Этьен больно ушиб голову. Если б не кожаная шапка, он раскроил бы себе череп. Он стал внимательно следить за всеми движениями Маэ, шедшего перед ним: его сумрачный силуэт обрисовывался при мерцании лампочек. Из рабочих никто не ушибся, — они, верно, знали каждую перекладину деревянных креплений, каждый выступ камня. Этьена. сильно затрудняла скользкая почва под ногами; чем дальше, тем она становилась сырее. Но больше всего изумляли его резкие скачки температуры. В глубине шахтного колодца было очень свежо, а в галерее, по которой проходил поток воздуха, дул резкий, холодный ветер, ревевший в узких стенах, словно буря. По мере того как они углублялись в другие штольни, куда проникало лишь немного воздуха из вентиляторов, ветер прекращался, наступала удушливая, гнетущая жара.
Маэ молчал. Только поворачивая направо, в новую галерею, он, не оборачиваясь, сказал Этьену:
— Жила Гийома.
На этом пласту работала их партия. С первых же шагов Этьен расшиб себе голову и локти. Покатый потолок спускался так низко, что на протяжении двадцати или тридцати метров ему пришлось идти, согнувшись вдвое. Вода доходила до щиколоток. Так они прошли двести метров, и вдруг Левак, Захария и Катрина исчезли у него на глазах, как будто их поглотила узкая расщелина, открывшаяся перед ним.
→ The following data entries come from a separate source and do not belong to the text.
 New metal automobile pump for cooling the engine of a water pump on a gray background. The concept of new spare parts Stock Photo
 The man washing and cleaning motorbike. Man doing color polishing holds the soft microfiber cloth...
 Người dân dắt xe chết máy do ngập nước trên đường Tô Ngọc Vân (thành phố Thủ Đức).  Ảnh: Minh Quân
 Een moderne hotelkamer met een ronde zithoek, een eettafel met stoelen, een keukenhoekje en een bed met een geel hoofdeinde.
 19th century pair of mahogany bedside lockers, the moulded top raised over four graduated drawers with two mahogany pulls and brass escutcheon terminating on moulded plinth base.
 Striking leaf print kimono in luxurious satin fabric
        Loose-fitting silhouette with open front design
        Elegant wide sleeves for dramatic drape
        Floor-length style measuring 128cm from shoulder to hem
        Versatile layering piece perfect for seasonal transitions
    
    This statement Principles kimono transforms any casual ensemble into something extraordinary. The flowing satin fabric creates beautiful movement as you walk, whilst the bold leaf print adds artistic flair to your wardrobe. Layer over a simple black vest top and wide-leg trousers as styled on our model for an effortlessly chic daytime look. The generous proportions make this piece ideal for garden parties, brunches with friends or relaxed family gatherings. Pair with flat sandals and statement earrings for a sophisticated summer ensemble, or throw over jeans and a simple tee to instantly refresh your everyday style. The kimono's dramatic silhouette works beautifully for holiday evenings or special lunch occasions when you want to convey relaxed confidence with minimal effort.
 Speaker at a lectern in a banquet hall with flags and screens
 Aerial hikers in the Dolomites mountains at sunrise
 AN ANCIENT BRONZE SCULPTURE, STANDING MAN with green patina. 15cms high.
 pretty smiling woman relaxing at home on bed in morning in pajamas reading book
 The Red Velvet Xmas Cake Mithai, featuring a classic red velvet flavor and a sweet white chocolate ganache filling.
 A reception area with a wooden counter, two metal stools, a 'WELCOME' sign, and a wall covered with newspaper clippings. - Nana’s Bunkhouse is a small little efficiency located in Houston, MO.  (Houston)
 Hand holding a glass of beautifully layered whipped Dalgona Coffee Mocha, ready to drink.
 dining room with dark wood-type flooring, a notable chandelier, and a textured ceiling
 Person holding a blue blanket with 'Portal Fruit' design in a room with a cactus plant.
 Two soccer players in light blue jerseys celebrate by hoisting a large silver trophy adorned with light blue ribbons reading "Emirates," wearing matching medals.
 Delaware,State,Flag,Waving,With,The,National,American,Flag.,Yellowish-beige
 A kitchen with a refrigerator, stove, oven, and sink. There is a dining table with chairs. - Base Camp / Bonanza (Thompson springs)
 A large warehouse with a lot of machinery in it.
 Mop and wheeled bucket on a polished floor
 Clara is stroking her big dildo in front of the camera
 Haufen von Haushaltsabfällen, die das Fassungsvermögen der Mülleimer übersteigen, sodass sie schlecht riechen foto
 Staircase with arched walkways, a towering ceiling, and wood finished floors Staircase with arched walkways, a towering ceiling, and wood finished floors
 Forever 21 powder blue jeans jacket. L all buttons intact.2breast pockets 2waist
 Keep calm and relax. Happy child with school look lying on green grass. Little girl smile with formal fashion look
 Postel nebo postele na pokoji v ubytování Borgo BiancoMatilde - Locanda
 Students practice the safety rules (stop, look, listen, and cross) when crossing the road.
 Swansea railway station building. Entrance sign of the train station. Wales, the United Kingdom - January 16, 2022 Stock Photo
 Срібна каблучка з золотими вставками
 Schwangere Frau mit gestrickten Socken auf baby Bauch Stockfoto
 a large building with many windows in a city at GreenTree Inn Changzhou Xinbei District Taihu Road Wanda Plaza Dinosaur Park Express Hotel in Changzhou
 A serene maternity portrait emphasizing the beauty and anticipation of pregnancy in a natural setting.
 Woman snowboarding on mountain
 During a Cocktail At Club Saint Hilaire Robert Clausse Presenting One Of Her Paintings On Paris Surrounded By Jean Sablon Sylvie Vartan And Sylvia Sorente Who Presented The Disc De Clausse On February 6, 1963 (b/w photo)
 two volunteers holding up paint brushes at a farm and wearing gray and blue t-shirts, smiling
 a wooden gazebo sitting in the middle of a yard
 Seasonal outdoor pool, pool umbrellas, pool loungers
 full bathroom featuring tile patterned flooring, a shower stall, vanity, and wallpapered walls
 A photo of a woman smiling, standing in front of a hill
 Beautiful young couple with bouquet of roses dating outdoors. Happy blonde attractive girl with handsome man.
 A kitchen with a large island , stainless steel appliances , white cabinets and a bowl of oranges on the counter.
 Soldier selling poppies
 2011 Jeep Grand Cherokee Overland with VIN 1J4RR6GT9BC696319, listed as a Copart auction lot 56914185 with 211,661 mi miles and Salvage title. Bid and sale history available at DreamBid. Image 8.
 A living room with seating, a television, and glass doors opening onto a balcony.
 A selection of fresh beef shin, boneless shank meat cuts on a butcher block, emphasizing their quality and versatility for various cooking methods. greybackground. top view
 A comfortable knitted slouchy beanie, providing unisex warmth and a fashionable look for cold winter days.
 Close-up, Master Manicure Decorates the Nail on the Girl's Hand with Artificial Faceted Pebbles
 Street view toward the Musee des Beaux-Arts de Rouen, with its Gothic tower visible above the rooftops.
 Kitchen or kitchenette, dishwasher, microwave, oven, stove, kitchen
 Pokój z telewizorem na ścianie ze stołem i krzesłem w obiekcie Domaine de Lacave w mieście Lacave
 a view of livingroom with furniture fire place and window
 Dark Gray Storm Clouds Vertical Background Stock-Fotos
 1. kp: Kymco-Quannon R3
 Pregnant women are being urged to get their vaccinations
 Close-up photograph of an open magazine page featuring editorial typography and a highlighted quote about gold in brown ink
— Надо подняться туда, — сказал Маэ. — Прицепите лампочку к пуговице и лезьте, держась руками за бревна.
Сам он исчез. Этьен должен был следовать за ним. Эта расщелина в пласту служила проходом для углекопов; через нее можно было попасть во все боковые штольни. Расщелина была не шире самого угольного пласта и едва достигала шестидесяти сантиметров. Хорошо еще, что Этьен был худощав; и все же он, с непривычки, затрачивал очень много сил, подвигаясь вперед. Весь съежившись, он толкался плечами и бедрами о стенки и хватался за бревна. Поднявшись метров на пятнадцать, они достигли первого бокового прохода; но пришлось пробираться еще дальше: забой Маэ и его товарищей находился в шестом ярусе, — в преисподней, как они выражались.